A high-level inquiry into the Godhra train fire has found that it was an "accident".
Fifty-nine persons were burnt to death in the fire that led to violence in Gujarat in 2002.
"With the elimination of the 'petrol theory', 'miscreant activity theory' as well as the ruling out of any possibility of 'electrical fire', the fire in S-6 coach of Sabarmati Express can at this stage be ascribed as an 'accidental fire'," Justice U C Banerjee Committee, appointed by Railway Minister Lalu Prasad, said in its report.
The report was submitted to Railway Board Chairman R K Singh in New Delhi on Monday.

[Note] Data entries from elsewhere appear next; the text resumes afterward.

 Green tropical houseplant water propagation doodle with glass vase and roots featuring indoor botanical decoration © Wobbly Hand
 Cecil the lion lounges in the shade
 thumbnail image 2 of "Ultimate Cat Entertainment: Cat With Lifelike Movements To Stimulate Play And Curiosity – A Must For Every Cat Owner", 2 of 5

Noting that there has been preponderance of evidence that the fire originated in the coach itself and not due to any external cause, the committee "completely ruled out" the possibility of an inflammable liquid having been used as there was first a smell of burning, followed by dense smoke and flames.
"This sequence is not possible in case the fire is caused by inflammable liquid thrown on the floor of the coach or an inflammable object thrown from outside the coach," the two-part interim report said.

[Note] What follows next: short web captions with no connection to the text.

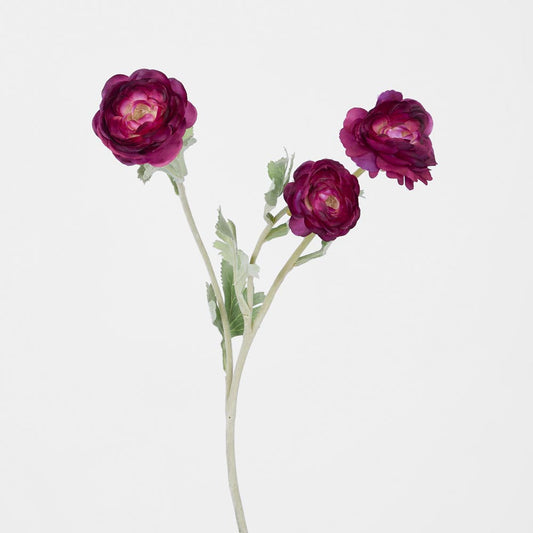 Ranunculus Stem With 3 Heads Magenta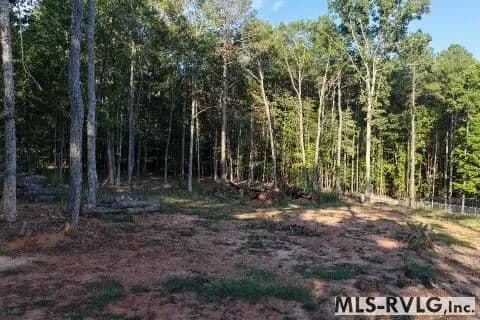 Vacant Land in Bracey - Bracey, Virginia, 23919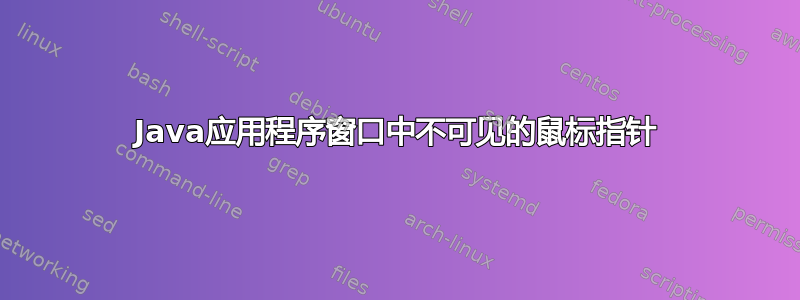 Java应用程序窗口中不可见的鼠标指针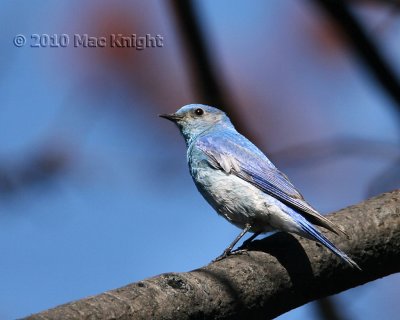 bluebirds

The committee headed by former Supreme Court judge U C Banerjee was constituted on September 4, 2004, following a Union Cabinet decision to inquire into certain aspects of the incident on the Ahmedabad-bound Sabarmati Express at Godhra on February 27, 2002.
The committee said that the 'inflammable liquid theory' also was negated by the statement of some of the passengers who suffered injuries on the upper portion of the body and not the lower body.
Observing that the report could be "unpalatable for the railways whose entire approach seemed to be casual," Banerjee told reporters that there had been a failure on the part of the railways and the Commissioner of Railway Safety to conduct a statutory inquiry into the accident.
"This was in breach of the Railway Act as well as the Accident Manual of the Zonal Railway", it said.